O biólogo, mestre em Ecologia e Manejo de Recursos Naturais, Wendeson Castro, da SOS Amazônia, considera que a aprovação do PL é um exemplo de políticas sub-reativas, ou seja, de ações que caminham na contramão da proteção ambiental, inclusive de Unidades de Conservação, e atendem a interesses particulares em detrimento da sociedade. “O argumento é que essas unidades impedem o desenvolvimento econômico e a expansão da produção agrícola. Na realidade, nenhuma UC, seja de uso direto ou indireto, impede o desenvolvimento econômico de uma região. Nesta última categoria, o uso é mais restrito e cobre apenas 10% do território estadual”, conclui.
Em um artigo escrito com a colaboração de Eliz Tessinari, coordenadora de Comunicação e Publicidade da SOS Amazônia, Wendeson Castro reflete sobre os impactos e desdobramentos de políticas sub-reativas.
Os autores citam o Projeto Valores da Amazônia como demonstração do potencial econômico obtido com o desenvolvimento de cadeias de valor da sociobidiversidade com base em produtos florestais não madeireiros, como cacau silvestre, borracha e óleos vegetais (buriti, murmuru, cocão e andiroba). Executado em 2015, no Acre e Amazonas, o Valores da Amazônia ofereceu apoio a nove organizações e cooperativas, localizadas em áreas de difícil acesso da Floresta Amazônica, proporcionando notável avanço para extrativistas e indígenas.
Em 2019 e 2020, a SOS Amazônia ofereceu incentivo à produção de borracha CVP (Cernambi Virgem Prensado) em comunidades extrativistas da parte sul do Parque Nacional. O projeto foi executado em parceria com a fábrica de calçados Vert Shoes, empresa francesa instalada no Rio Grande do Sul.
Patrimônio natural
Localizada no extremo oeste do estado do Acre, nos confins da Amazônia brasileira, a Serra do Divisor ainda é um tesouro a ser descoberto. A paisagem exuberante, de grande riqueza ecológica e variedade de espécies endêmicas, configura um verdadeiro patrimônio da natureza e, devido a esses atributos, a região foi transformada em Unidade de Conservação, na modalidade de Parque Nacional, em 16 de junho de 1989.

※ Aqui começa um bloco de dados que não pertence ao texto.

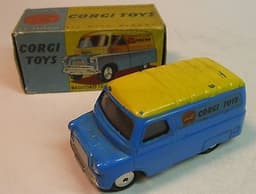 Bedford Van - Corgi Toys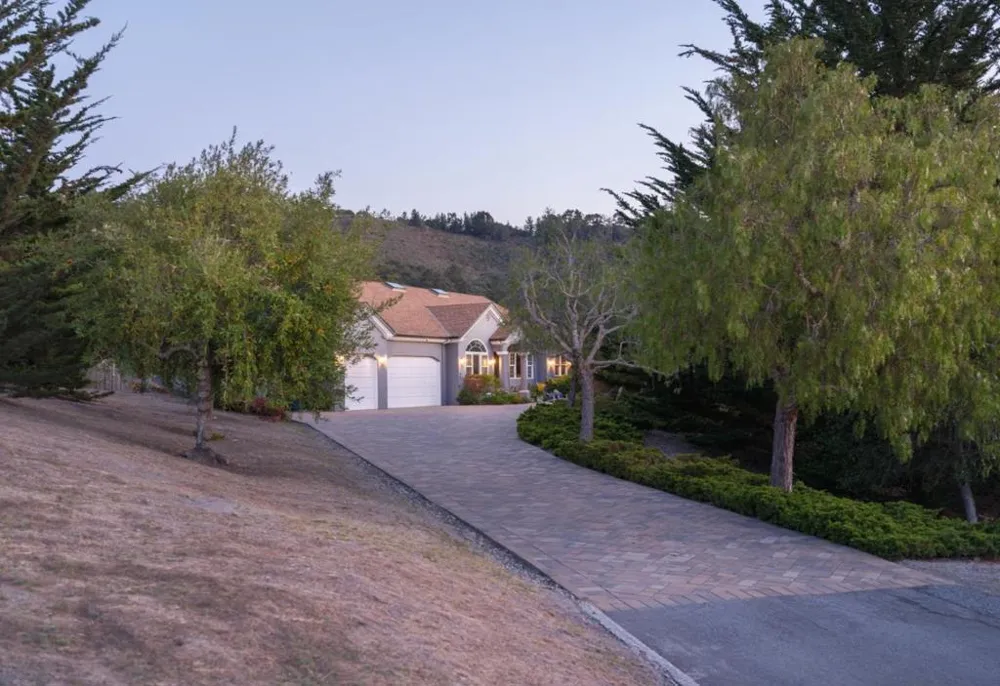 23715 Determine Lane Monterey, CA 93940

A serra ganha esse nome por ser o divisor de águas de duas bacias hidrográficas da região: Médio Vale do rio Ucayali, no Peru, e Alto Vale do Rio Juruá, no Acre, que, com suas cabeceiras, abastecem significativos afluentes do rio Amazonas. A região concentra diversos atrativos cênicos e é o local ideal para receber uma infraestrutura turística capaz de acomodar, guiar, transportar, alimentar e informar os mais de mil visitantes que se estima por ano (2019).
Além dos serviços ambientais e ecossistêmicos assegurados com a proteção do Parque, cabe destacar o potencial turístico, científico e educacional da região, com formação geográfica exuberante e grande diversidade de espécies animais e vegetais, que chegam a totalizar a marca de duas mil espécies, conforme Plano de Manejo de 1998. De acordo com o Catálogo de Plantas das Unidades de Conservação do Brasil, sediado no Jardim Botânico do Rio de Janeiro, o Parque Nacional da Serra do Divisor conta com 1.162 espécies de plantas vasculares conhecidas até o momento.
O Parque também reúne em seu entorno duas Terras Indígenas, Nawa e Nukini, localizadas na bacia do rio Moa.